**Problem**:
Output exactly the lines below, starting with the line that has "Image showing group" and going on through the line that has "African american and", both included, and no other lines.

Items from a dataset:
•••

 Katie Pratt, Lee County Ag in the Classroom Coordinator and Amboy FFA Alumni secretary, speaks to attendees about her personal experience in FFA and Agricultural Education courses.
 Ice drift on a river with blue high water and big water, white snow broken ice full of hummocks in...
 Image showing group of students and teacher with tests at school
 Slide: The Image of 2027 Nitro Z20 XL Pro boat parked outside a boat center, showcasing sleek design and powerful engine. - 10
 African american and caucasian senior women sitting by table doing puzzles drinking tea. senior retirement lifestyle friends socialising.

•••

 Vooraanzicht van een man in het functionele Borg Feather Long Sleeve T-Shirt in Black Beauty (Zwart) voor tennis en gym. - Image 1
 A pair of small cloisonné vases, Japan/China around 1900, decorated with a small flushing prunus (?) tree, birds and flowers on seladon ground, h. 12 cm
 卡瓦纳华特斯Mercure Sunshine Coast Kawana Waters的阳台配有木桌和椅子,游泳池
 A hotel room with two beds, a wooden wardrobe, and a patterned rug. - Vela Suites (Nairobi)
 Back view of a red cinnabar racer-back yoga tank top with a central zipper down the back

•••

**Completed exercise**:
 Image showing group of students and teacher with tests at school
 Slide: The Image of 2027 Nitro Z20 XL Pro boat parked outside a boat center, showcasing sleek design and powerful engine. - 10
 African american and caucasian senior women sitting by table doing puzzles drinking tea. senior retirement lifestyle friends socialising.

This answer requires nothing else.